====== DATA IN THIS EXERCISE

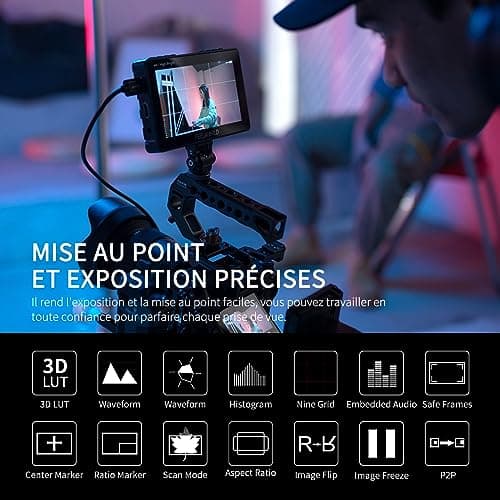 FEELWORLD F5PROX Caméra Moniteur de Terrain Écran Tactile 1600Nit 5,5 Pouces 4K HDMI DSLR Video Camera Monitor avec Batterie F750 Sacoche pour caméra Entrée de Type C 3DLUT Focus Peaking Histogramme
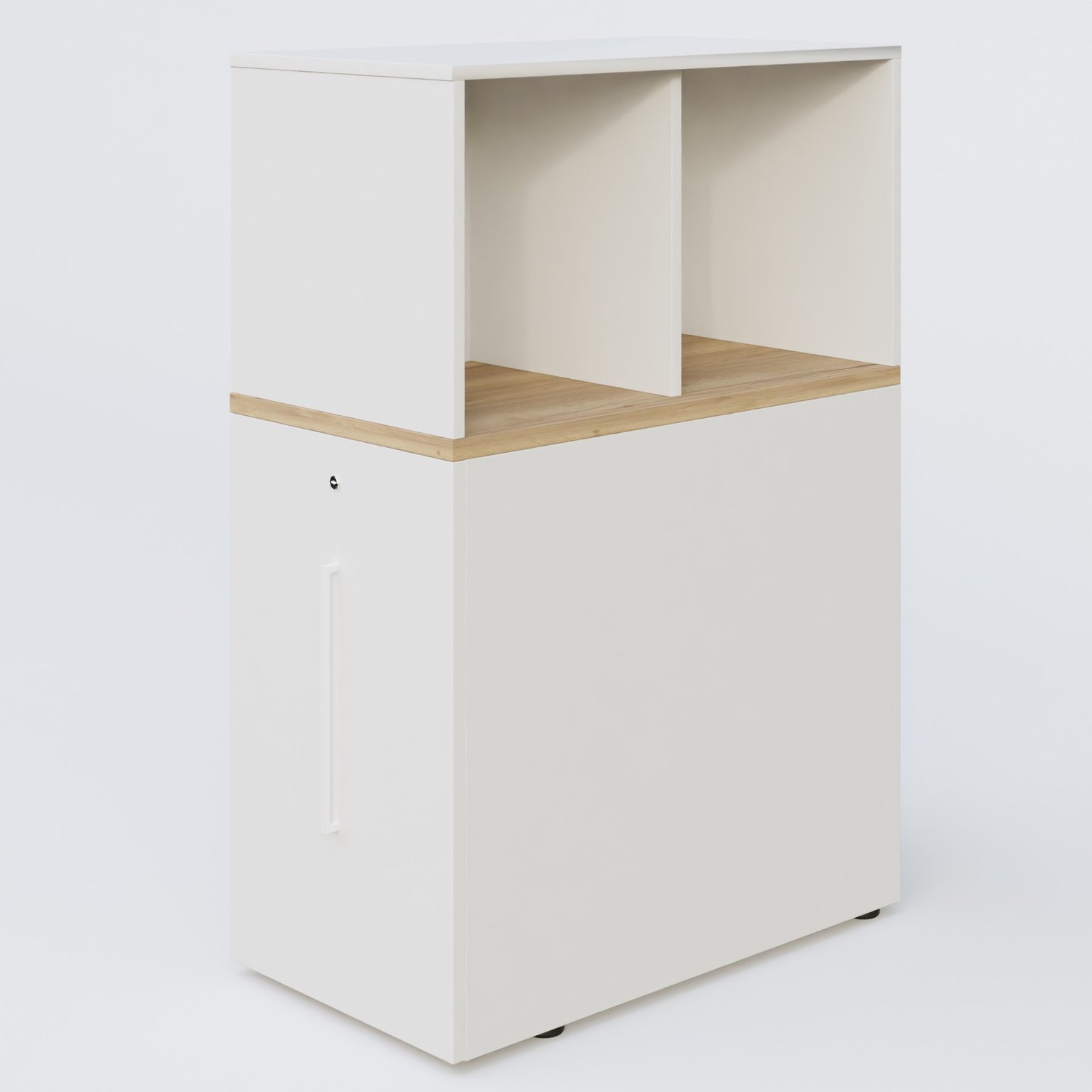 Tour de rangement hauteur de bureau position à gauche avec Niche. Caisson Chêne naturel et top de finition Blanc.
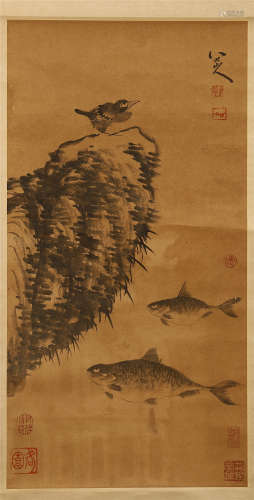 CHINESE SCROLL PAINTING OF BIRD AND FISH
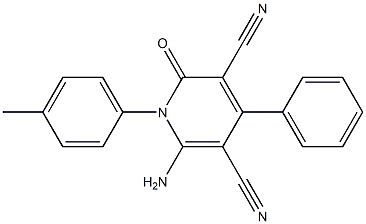 6-amino-1-(4-methylphenyl)-2-oxo-4-phenyl-1,2-dihydro-3,5-pyridinedicarbonitrile Structure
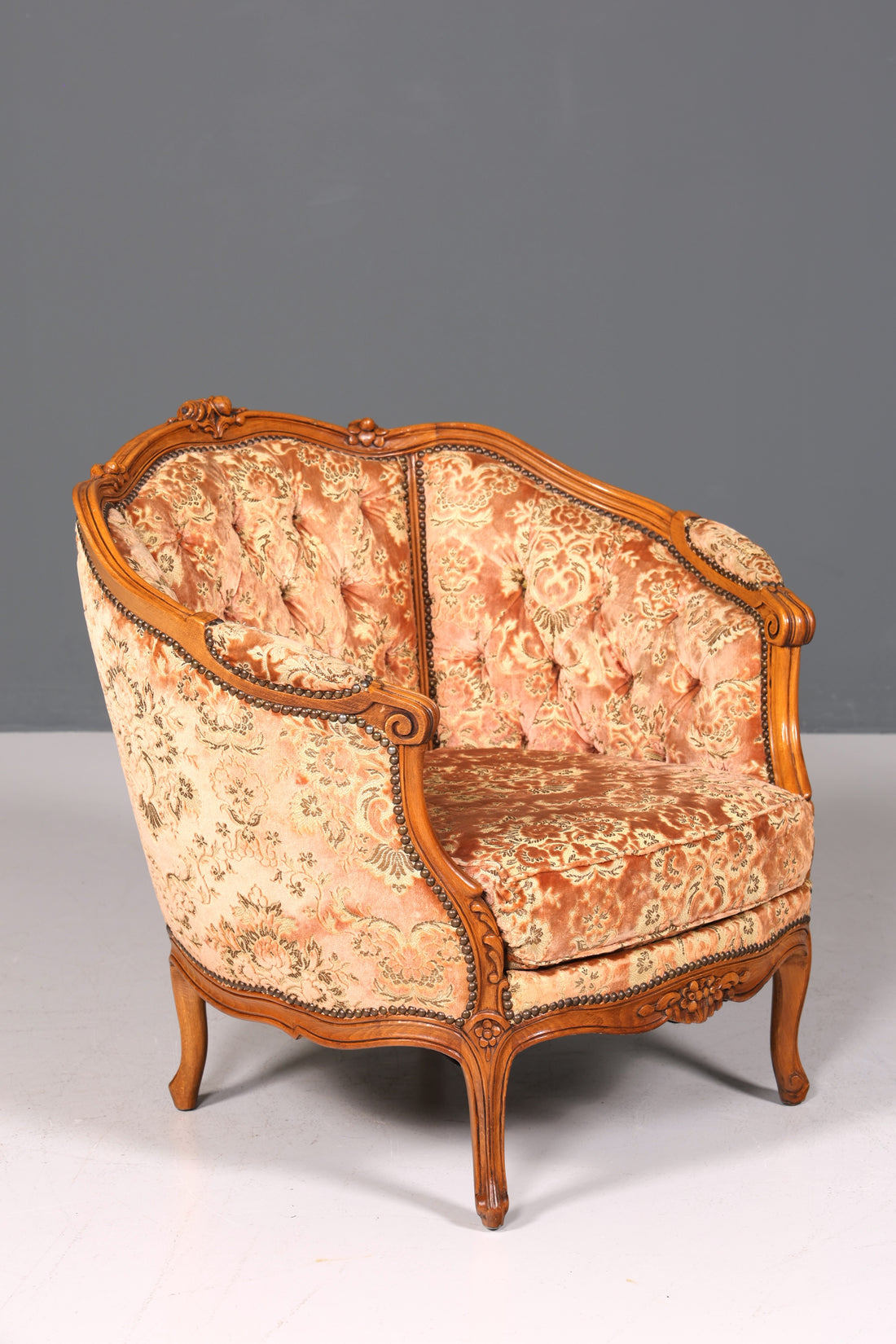 Wunderschöner Chippendale Armlehnsessel Barock Stil Sessel Armchair Samt Stoff Rococo Stil Sessel 2 von 2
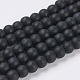 Synthetical Black Stone Beads Strands(X-G-G508-7)-1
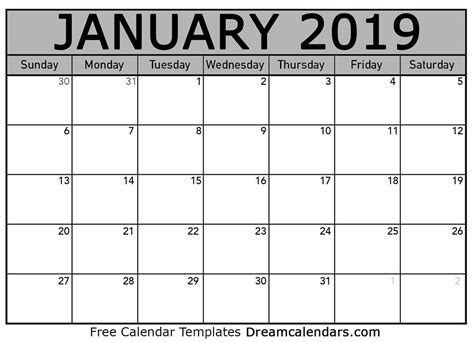 Printable January 2019 Calendar Templates By Helena Orstem Medium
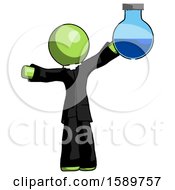 Poster, Art Print Of Green Clergy Man Holding Large Round Flask Or Beaker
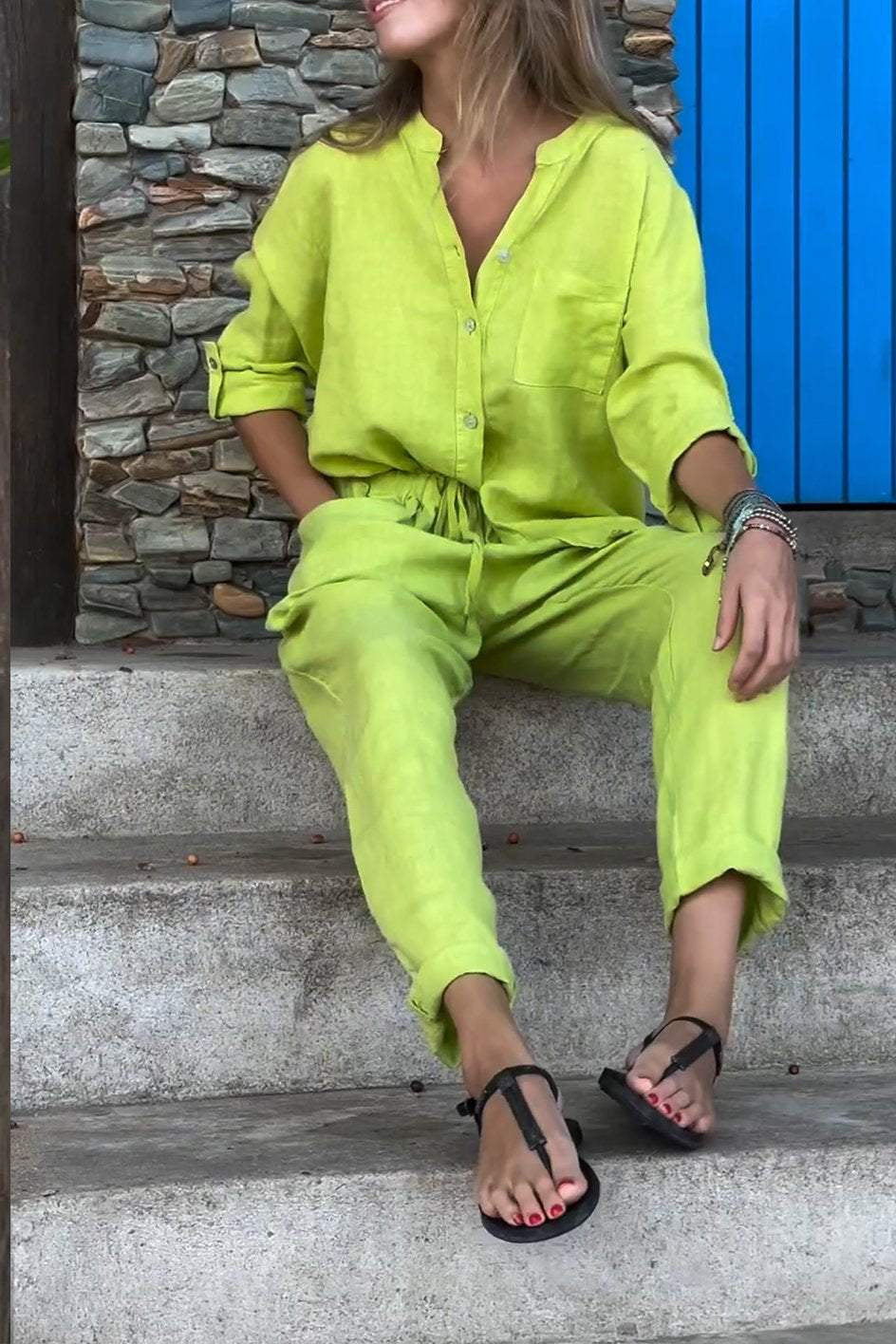 V-neck shirt and cotton trousers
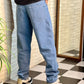 Sky Blue Straight Fit Baggy Jeans For Men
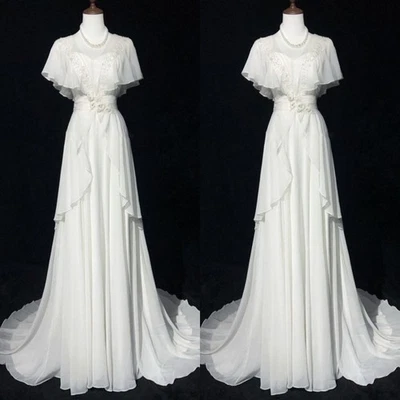 Chiffon Wedding Dresses White A Line Vintage 1950s Short Sleeves Ball Gowns - Image 1 of 4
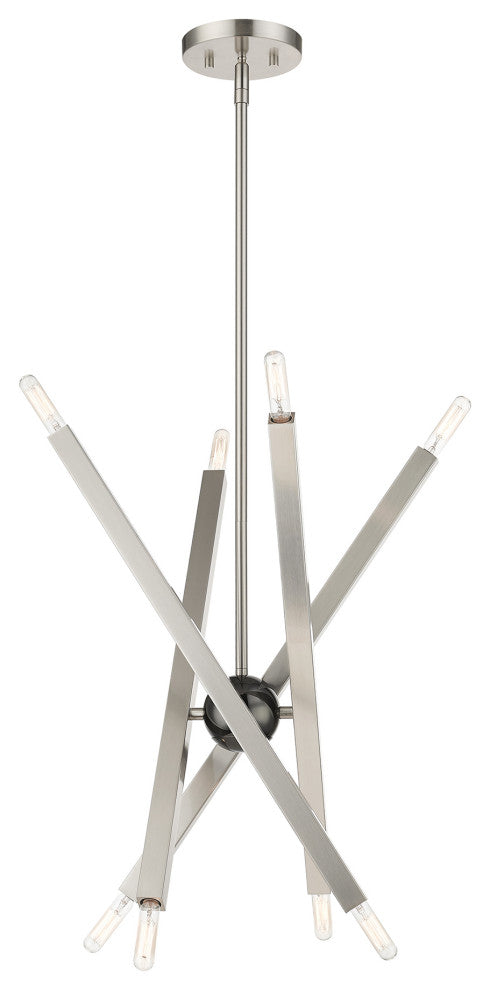 Livex Lighting Monaco 8-Light Brushed Nickel Chandelier With Black Chrome Accent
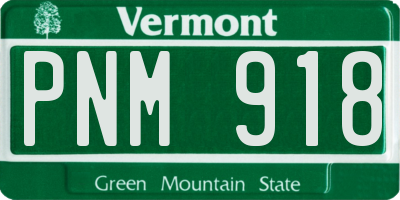 VT license plate PNM918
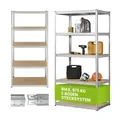 Juskys Lagerregal Basic 200x100x60 cm - Metall Schwerlastregal, 5 Böden, 875 kg, verzinkt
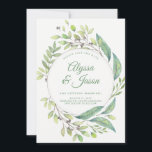 Reserve A Data Leafy Green | Salvar a data com fotos e nomes<br><div class="desc">Esta moda e na moda para salvar a data card contém uma moldura verde claro de aquarela e uma tipografia moderna,  em fundo branco. A parte de trás apresenta sua foto pessoal.</div>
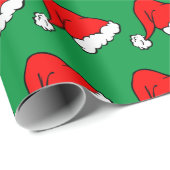 Santa Hoed Kerstmis Wrapping Papier (Rol Hoek)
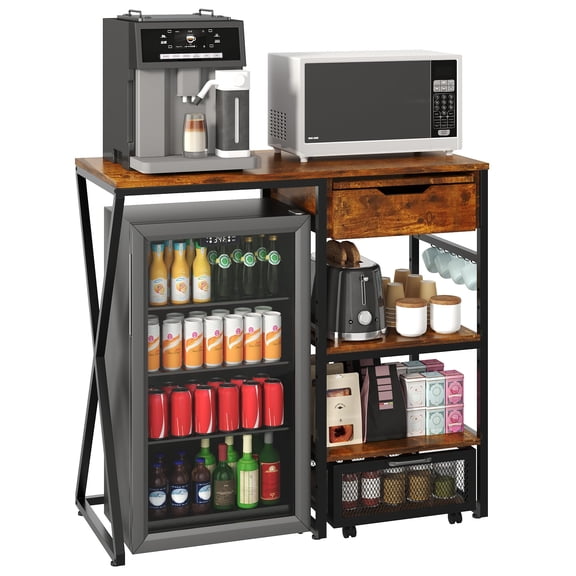 Ataucjin 3-Tier Mini Fridge Stand with Storage Shelf,Microwave and Coffee Bar Organizer Built-in Power Outlet, Basket, Pull-Out Work Platform,160lbs Heavy Duty Kitchen Rack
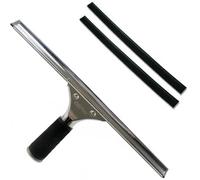 Gbpro Professional Window Squeegee Stainless Wiper 35Cm/14" + Machine Cut High Grade Rubber Blade/strip X 2 - Set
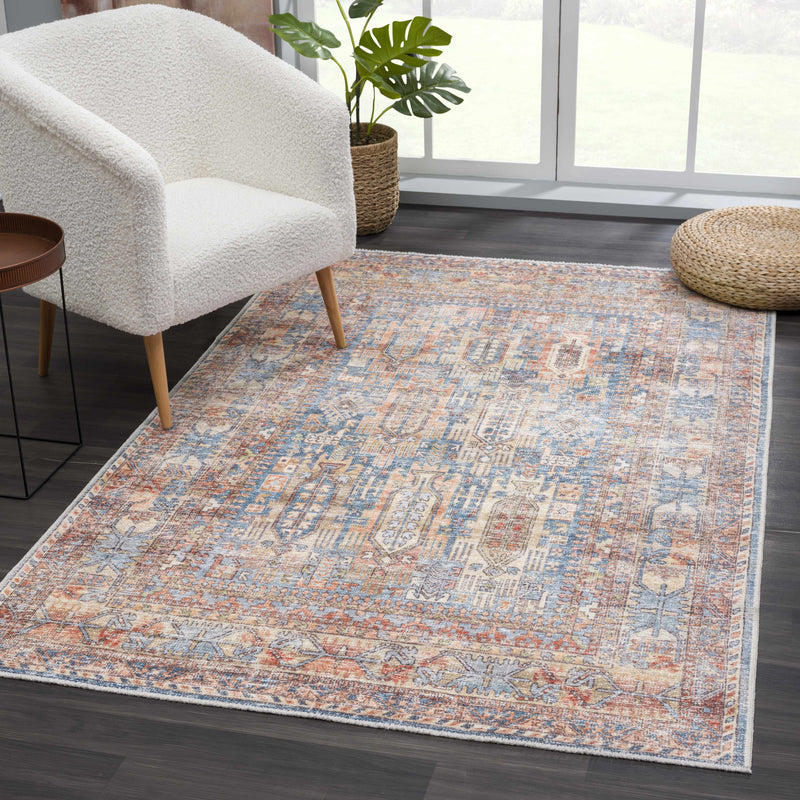 Burnt Orange Holi-2300 Washable Area Rug-4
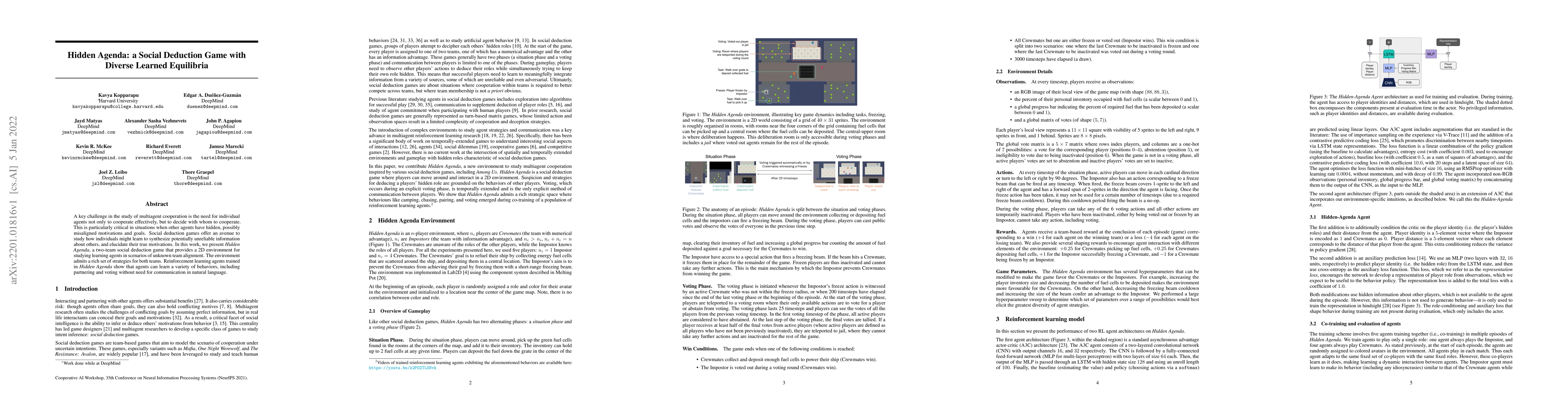 Thumbnail for Hidden Agenda: a Social Deduction Game with Diverse Learned Equilibria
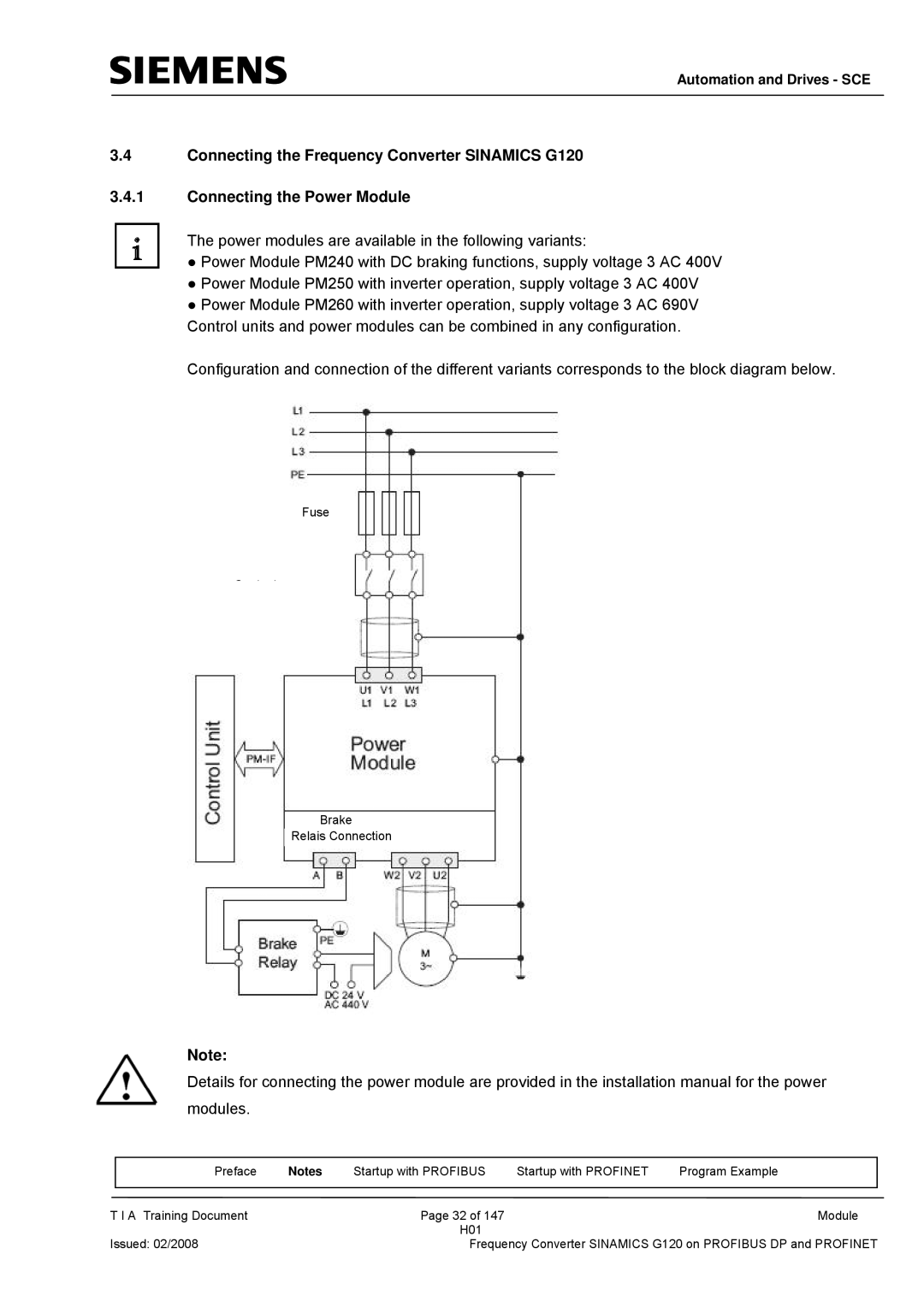 Siemens G120 manual Automation and Drives SCE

============

> [WORK INSTRUCTION]:
Write out the entries again, exactly as given, skipping any images.

> [EXERCISE RESPONSE]:
 FEELWORLD F5PROX Caméra Moniteur de Terrain Écran Tactile 1600Nit 5,5 Pouces 4K HDMI DSLR Video Camera Monitor avec Batterie F750 Sacoche pour caméra Entrée de Type C 3DLUT Focus Peaking Histogramme
 Tour de rangement hauteur de bureau position à gauche avec Niche. Caisson Chêne naturel et top de finition Blanc.
 CHINESE SCROLL PAINTING OF BIRD AND FISH
 6-amino-1-(4-methylphenyl)-2-oxo-4-phenyl-1,2-dihydro-3,5-pyridinedicarbonitrile Structure
 Wunderschöner Chippendale Armlehnsessel Barock Stil Sessel Armchair Samt Stoff Rococo Stil Sessel 2 von 2
 Synthetical Black Stone Beads Strands(X-G-G508-7)-1
 Printable January 2019 Calendar Templates By Helena Orstem Medium
 Poster, Art Print Of Green Clergy Man Holding Large Round Flask Or Beaker
 V-neck shirt and cotton trousers
 Sky Blue Straight Fit Baggy Jeans For Men
 Chiffon Wedding Dresses White A Line Vintage 1950s Short Sleeves Ball Gowns - Image 1 of 4
 Livex Lighting Monaco 8-Light Brushed Nickel Chandelier With Black Chrome Accent
 VT license plate PNM918
 Juskys Lagerregal Basic 200x100x60 cm - Metall Schwerlastregal, 5 Böden, 875 kg, verzinkt
 Reserve A Data Leafy Green | Salvar a data com fotos e nomes<br><div class="desc">Esta moda e na moda para salvar a data card contém uma moldura verde claro de aquarela e uma tipografia moderna,  em fundo branco. A parte de trás apresenta sua foto pessoal.</div>
 Santa Hoed Kerstmis Wrapping Papier (Rol Hoek)
 Ataucjin 3-Tier Mini Fridge Stand with Storage Shelf,Microwave and Coffee Bar Organizer Built-in Power Outlet, Basket, Pull-Out Work Platform,160lbs Heavy Duty Kitchen Rack
 Gbpro Professional Window Squeegee Stainless Wiper 35Cm/14" + Machine Cut High Grade Rubber Blade/strip X 2 - Set
 Burnt Orange Holi-2300 Washable Area Rug-4
 Thumbnail for Hidden Agenda: a Social Deduction Game with Diverse Learned Equilibria
 Siemens G120 manual Automation and Drives SCE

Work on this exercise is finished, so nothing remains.